Work instructions:
All that should be output is the block of lines below from the line with "AUTOMATICWATCH" to the line with "凡士林 水感亮白修護潤膚露350ml", both included, exactly as written.

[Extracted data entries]
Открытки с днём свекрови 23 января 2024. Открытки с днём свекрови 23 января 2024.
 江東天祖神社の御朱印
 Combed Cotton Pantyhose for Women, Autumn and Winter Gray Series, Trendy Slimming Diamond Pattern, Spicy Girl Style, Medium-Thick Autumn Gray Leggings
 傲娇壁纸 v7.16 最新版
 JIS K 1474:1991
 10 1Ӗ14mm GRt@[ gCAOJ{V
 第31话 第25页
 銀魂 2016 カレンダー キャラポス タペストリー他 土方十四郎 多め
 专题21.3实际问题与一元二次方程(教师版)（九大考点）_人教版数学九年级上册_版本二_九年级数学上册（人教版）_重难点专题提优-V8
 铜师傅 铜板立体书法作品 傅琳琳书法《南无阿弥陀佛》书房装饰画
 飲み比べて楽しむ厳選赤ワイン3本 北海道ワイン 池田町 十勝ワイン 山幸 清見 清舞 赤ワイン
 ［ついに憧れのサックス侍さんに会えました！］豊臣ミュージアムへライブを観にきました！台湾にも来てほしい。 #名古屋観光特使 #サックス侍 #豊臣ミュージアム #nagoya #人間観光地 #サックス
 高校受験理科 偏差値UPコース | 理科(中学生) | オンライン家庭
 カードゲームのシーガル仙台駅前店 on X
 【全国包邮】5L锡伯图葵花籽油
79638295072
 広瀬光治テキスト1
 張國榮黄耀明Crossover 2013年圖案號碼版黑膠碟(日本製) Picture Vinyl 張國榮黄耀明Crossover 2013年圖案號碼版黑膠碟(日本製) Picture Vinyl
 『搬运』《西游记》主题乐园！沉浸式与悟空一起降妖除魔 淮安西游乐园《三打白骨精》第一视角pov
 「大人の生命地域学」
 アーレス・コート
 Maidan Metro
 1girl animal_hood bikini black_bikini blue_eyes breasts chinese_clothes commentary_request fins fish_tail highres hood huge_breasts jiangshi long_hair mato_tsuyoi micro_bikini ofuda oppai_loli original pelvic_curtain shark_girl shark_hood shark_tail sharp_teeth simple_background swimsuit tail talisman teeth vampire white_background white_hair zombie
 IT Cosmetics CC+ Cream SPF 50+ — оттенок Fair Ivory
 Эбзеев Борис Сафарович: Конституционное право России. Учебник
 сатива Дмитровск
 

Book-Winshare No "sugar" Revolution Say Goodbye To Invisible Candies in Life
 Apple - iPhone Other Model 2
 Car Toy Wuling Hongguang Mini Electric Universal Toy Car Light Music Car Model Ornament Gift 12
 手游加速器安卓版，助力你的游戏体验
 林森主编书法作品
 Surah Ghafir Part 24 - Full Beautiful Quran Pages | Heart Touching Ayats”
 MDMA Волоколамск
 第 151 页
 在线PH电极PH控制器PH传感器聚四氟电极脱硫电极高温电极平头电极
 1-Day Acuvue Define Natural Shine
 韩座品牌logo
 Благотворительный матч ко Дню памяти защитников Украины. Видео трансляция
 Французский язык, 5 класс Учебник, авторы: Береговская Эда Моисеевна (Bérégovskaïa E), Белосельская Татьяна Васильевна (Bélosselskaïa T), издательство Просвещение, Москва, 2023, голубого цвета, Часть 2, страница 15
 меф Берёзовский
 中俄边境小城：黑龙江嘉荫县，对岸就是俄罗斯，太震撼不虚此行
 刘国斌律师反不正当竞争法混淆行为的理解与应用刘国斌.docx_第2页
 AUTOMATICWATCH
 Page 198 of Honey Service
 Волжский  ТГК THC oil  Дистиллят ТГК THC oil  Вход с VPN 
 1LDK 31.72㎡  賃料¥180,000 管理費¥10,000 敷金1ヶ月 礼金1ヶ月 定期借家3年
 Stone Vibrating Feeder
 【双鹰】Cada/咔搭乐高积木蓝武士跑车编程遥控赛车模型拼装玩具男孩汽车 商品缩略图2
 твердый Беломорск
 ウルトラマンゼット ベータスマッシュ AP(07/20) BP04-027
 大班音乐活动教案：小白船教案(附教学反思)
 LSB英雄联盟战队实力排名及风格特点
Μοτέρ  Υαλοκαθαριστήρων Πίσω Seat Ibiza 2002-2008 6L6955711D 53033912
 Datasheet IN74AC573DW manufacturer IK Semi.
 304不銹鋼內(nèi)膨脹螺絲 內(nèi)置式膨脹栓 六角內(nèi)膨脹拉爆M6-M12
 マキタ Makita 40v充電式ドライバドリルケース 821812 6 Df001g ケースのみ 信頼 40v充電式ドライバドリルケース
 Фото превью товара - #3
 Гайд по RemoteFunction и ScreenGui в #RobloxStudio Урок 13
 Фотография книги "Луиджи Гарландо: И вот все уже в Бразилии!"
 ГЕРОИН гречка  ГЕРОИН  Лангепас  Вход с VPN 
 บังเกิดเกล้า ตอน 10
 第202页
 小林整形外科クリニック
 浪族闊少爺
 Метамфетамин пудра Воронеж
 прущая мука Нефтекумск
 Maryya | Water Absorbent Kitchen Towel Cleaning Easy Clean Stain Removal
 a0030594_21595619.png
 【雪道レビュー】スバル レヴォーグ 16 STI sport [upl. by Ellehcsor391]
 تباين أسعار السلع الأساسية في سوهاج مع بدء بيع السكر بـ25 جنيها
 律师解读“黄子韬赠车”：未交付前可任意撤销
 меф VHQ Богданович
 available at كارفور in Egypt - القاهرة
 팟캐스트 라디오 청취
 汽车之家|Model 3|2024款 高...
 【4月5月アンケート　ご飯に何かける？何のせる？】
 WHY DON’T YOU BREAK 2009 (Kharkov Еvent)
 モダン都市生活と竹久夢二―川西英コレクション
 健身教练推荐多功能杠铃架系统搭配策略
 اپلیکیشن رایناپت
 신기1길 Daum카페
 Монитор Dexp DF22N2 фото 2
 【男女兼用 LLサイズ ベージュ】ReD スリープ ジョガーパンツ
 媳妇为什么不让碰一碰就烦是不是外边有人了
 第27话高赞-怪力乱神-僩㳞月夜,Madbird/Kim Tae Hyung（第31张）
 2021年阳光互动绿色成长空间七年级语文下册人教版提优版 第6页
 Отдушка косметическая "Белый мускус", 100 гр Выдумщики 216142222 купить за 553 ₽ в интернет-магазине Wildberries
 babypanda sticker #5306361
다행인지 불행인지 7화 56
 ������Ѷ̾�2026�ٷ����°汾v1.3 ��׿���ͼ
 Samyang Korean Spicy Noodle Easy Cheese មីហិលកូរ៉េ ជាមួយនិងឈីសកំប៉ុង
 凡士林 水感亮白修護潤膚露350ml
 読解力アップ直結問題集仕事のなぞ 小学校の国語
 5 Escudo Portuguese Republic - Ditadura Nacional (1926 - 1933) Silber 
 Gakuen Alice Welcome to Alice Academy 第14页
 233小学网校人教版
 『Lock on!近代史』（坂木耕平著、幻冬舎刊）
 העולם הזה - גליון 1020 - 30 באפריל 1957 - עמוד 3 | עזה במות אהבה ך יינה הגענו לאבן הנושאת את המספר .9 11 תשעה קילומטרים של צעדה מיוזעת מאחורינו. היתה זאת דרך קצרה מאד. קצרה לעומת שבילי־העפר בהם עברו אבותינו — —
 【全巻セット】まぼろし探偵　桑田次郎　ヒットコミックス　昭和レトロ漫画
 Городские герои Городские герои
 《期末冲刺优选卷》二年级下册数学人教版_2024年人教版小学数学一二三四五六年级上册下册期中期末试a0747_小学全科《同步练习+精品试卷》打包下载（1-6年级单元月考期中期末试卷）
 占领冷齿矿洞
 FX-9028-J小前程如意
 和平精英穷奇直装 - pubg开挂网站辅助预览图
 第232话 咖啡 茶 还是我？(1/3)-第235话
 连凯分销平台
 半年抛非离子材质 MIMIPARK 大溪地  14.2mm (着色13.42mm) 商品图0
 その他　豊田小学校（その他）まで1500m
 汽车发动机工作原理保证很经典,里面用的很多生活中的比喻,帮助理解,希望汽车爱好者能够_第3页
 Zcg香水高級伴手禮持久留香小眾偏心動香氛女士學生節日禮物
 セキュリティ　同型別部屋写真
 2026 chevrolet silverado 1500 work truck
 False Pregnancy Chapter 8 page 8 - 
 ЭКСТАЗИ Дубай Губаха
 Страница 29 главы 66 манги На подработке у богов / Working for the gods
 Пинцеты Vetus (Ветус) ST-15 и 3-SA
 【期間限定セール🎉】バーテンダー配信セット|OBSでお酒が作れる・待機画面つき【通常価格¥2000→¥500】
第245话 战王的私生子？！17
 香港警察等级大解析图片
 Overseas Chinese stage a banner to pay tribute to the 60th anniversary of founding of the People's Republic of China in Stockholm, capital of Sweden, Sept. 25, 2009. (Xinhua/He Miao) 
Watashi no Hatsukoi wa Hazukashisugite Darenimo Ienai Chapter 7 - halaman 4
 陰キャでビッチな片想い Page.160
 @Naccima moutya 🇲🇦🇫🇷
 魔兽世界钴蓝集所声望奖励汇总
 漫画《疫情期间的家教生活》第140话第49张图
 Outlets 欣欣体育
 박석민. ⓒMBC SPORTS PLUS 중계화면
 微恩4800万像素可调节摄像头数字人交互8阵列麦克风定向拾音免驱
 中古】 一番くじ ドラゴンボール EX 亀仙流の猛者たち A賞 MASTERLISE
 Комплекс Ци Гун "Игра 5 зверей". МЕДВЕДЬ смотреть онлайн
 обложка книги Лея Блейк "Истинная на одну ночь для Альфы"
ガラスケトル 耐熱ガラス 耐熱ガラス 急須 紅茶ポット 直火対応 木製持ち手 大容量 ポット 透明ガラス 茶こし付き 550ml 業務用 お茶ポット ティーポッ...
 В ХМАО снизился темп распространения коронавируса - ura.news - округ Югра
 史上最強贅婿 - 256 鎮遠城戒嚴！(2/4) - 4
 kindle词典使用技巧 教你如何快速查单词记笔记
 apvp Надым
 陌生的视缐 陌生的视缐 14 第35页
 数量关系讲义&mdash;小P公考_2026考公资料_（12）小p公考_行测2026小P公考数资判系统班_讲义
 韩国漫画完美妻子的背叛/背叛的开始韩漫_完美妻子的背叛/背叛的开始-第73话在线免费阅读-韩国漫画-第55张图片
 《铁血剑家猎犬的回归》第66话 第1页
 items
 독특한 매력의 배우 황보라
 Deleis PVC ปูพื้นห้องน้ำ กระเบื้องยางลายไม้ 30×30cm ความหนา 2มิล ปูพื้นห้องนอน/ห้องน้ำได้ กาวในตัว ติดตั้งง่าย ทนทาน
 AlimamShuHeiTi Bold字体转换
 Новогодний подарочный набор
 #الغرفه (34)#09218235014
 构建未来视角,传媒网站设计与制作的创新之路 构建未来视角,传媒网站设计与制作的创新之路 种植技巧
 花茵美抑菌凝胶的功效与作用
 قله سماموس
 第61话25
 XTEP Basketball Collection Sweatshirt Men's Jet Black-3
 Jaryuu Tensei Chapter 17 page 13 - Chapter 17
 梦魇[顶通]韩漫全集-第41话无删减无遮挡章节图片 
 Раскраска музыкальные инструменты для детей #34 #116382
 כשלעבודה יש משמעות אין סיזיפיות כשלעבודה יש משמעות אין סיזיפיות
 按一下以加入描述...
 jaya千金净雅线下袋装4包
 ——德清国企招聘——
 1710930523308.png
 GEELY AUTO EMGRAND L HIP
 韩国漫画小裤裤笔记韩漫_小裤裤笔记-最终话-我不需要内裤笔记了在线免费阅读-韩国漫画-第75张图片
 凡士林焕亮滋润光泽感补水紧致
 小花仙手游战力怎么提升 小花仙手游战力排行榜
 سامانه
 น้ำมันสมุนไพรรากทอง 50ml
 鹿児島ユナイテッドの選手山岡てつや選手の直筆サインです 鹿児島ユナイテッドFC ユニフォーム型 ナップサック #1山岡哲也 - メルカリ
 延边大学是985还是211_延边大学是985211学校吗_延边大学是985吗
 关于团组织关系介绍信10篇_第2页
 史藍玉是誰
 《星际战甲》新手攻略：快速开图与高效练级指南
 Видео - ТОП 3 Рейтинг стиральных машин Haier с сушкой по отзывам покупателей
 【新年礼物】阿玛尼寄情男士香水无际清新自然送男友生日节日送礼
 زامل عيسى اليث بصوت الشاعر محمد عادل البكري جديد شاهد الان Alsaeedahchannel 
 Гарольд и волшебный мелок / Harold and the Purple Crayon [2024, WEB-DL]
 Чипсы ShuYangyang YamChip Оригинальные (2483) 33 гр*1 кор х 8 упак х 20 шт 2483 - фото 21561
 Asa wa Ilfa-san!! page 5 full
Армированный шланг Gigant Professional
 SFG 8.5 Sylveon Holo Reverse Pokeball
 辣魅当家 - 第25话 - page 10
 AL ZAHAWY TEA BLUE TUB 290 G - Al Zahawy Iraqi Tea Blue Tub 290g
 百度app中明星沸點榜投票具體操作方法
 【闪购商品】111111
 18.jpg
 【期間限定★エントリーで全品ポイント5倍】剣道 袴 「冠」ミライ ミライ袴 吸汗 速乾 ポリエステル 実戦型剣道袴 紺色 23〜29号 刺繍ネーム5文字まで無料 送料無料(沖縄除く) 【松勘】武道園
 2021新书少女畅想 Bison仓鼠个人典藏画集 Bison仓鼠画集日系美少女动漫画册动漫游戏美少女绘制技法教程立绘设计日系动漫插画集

Output of the task:
 AUTOMATICWATCH
 Page 198 of Honey Service
 Волжский  ТГК THC oil  Дистиллят ТГК THC oil  Вход с VPN 
 1LDK 31.72㎡  賃料¥180,000 管理費¥10,000 敷金1ヶ月 礼金1ヶ月 定期借家3年
 Stone Vibrating Feeder
 【双鹰】Cada/咔搭乐高积木蓝武士跑车编程遥控赛车模型拼装玩具男孩汽车 商品缩略图2
 твердый Беломорск
 ウルトラマンゼット ベータスマッシュ AP(07/20) BP04-027
 大班音乐活动教案：小白船教案(附教学反思)
 LSB英雄联盟战队实力排名及风格特点
Μοτέρ  Υαλοκαθαριστήρων Πίσω Seat Ibiza 2002-2008 6L6955711D 53033912
 Datasheet IN74AC573DW manufacturer IK Semi.
 304不銹鋼內(nèi)膨脹螺絲 內(nèi)置式膨脹栓 六角內(nèi)膨脹拉爆M6-M12
 マキタ Makita 40v充電式ドライバドリルケース 821812 6 Df001g ケースのみ 信頼 40v充電式ドライバドリルケース
 Фото превью товара - #3
 Гайд по RemoteFunction и ScreenGui в #RobloxStudio Урок 13
 Фотография книги "Луиджи Гарландо: И вот все уже в Бразилии!"
 ГЕРОИН гречка  ГЕРОИН  Лангепас  Вход с VPN 
 บังเกิดเกล้า ตอน 10
 第202页
 小林整形外科クリニック
 浪族闊少爺
 Метамфетамин пудра Воронеж
 прущая мука Нефтекумск
 Maryya | Water Absorbent Kitchen Towel Cleaning Easy Clean Stain Removal
 a0030594_21595619.png
 【雪道レビュー】スバル レヴォーグ 16 STI sport [upl. by Ellehcsor391]
 تباين أسعار السلع الأساسية في سوهاج مع بدء بيع السكر بـ25 جنيها
 律师解读“黄子韬赠车”：未交付前可任意撤销
 меф VHQ Богданович
 available at كارفور in Egypt - القاهرة
 팟캐스트 라디오 청취
 汽车之家|Model 3|2024款 高...
 【4月5月アンケート　ご飯に何かける？何のせる？】
 WHY DON’T YOU BREAK 2009 (Kharkov Еvent)
 モダン都市生活と竹久夢二―川西英コレクション
 健身教练推荐多功能杠铃架系统搭配策略
 اپلیکیشن رایناپت
 신기1길 Daum카페
 Монитор Dexp DF22N2 фото 2
 【男女兼用 LLサイズ ベージュ】ReD スリープ ジョガーパンツ
 媳妇为什么不让碰一碰就烦是不是外边有人了
 第27话高赞-怪力乱神-僩㳞月夜,Madbird/Kim Tae Hyung（第31张）
 2021年阳光互动绿色成长空间七年级语文下册人教版提优版 第6页
 Отдушка косметическая "Белый мускус", 100 гр Выдумщики 216142222 купить за 553 ₽ в интернет-магазине Wildberries
 babypanda sticker #5306361
다행인지 불행인지 7화 56
 ������Ѷ̾�2026�ٷ����°汾v1.3 ��׿���ͼ
 Samyang Korean Spicy Noodle Easy Cheese មីហិលកូរ៉េ ជាមួយនិងឈីសកំប៉ុង
 凡士林 水感亮白修護潤膚露350ml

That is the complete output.